This job has expired, please see additional jobs below
Paranoids Director of Security Engineering
Yahoo!
Sunnyvale, CA, United States
Job Details - this job has expired, please see similar jobs below
Description
Yahoo is a guide focused on making users' daily habits inspiring and entertaining. By creating highly personalized experiences for our users, we keep people connected to what matters most to them, across devices and around the world. In turn, we create value for advertisers by connecting them with the audiences that build their businesses.
A Little About Us
When you impact millions of people every day, you become a large target for adversaries in all layers of the stack. Our job is to keep our users safe and make Yahoo one of the safest places on the Internet.
We are the information security team at Yahoo. People call us “The Paranoids”.

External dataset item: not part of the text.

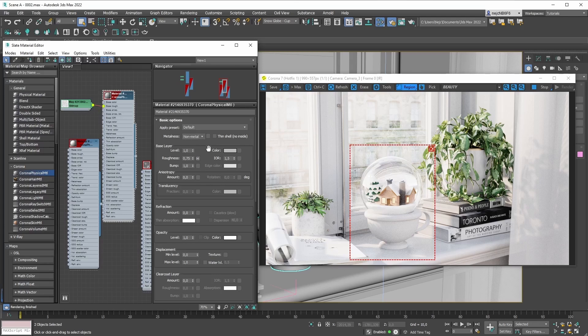At this point we've covered how material presets work. Using presets is one way to start setting up your materials; the other way is starting from scratch, which is what we'll cover in the next video. Along the way we'll also go into more detail on how the Physical Material works and what some of the new parameters do — see you there.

Join our team dedicated to the safety and security of Yahoo and the Internet at large. We're open source friendly, we operate at a scale which makes seemingly simple things quite interesting, and we strive to design and build systems that are safe, trustworthy, and usable for all.
A Lot About You
You are a senior leader who is inspired to head the team responsible for identifying the most important security and privacy issues impacting Yahoo, then researching, designing, and developing production quality software, network, or systems solutions that prevent or detect those issues for our more than one billion users, and potentially for others across the Internet. This role reports directly to our Chief Information Security Officer.
Your Day
• Set and evangelize security engineering strategy and goals based on company and industry research, feedback and data from Paranoid teams and other leaders across the company.
• Develop and deploy security solutions for Yahoo products, platforms, and infrastructure by partnering with organizations across the company to build diverse, cross-functional teams that plan and execute against security strategy.

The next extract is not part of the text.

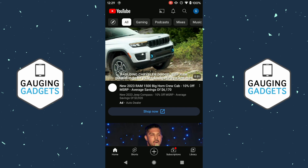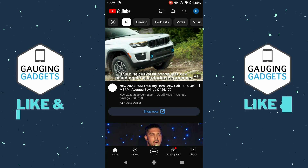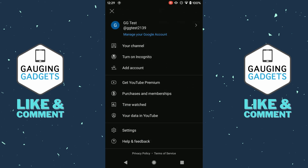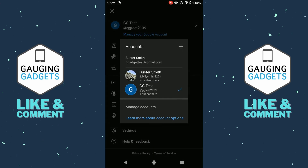And if this video helps you, please consider giving it a like and also subscribing to my channel because that really helps me out. So if you open up the YouTube app and you select your profile icon on the top right, you'll see that there is no option to sign out. So we have to use two different workarounds in order to actually log out of a YouTube account on Android.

• Responsible and accountable for all the engineering aspects of information security including those performed by other teams.
• Manage, inspire, coach, grow, and recruit great technical talent, and align their work and behaviors to achieve measurable security improvement and meet their career goals.
• Build and maintain a strong network of company and industry connections and a deep knowledge of Yahoo’s varied businesses.
• Guide and support team activities including research proposals, papers and conference submissions, agile development, process development, defining and measuring success, maintaining production systems, and managing product lifecycles.
• Provide deep technical and security advice to teams inside the paranoids and across the company.
What you bring
• A broad and deep understanding of, and a palpable, infectious passion for technology and how it can help enhance security, business, and people's lives.
• A history of being a catalyst for positive security change in medium to large technology and/or internet focused companies.
• Excellent written and verbal communication and listening skills, with a history of successful negotiation, influence, and conflict resolution in disparate organizations with competing incentives.
• The proven ability to design and deploy complex systems from scratch and from parts.
• Experience leading and managing across geographical and administrative boundaries.
• Experience working at and building for Internet scale including measuring the impact, performance, health, and stability of large monolithic and distributed systems.
• Deep expertise with some cryptographic protocols, implementations, vulnerabilities, usability, and performance characteristics in real world systems.
• A portfolio of solutions that show security and usability are not mutually exclusive.
• A good understanding of the human aspects of information security including basic psychology, cognitive biases, heuristics, decision making, and user experience / design.
• Working knowledge of modern c, c++, java, javascript, and/or golang, and automated build, test and deployment systems for the same.
• Experience with threat and attack modeling of large and varied systems against modern, global threats including varied threat actors’ tools, techniques, and practices, an understanding of the legal requirements and climate across the globe, and a great sense of how to balance preventative and detective controls and company productivity.
• A deep, current knowledge of technology - networks, operating systems, browser and web security, cloud and software defined networking considerations, varied application stacks, distributed systems, and programming languages and environments.
• Some college is likely required, but we're much more interested in your accomplishments, security acumen, experience (particularly at scale), motivation, leadership skills, and ability to work well with others. Let's call it 10+ years and a masters in a relevant field as a minimum, or equivalent experience.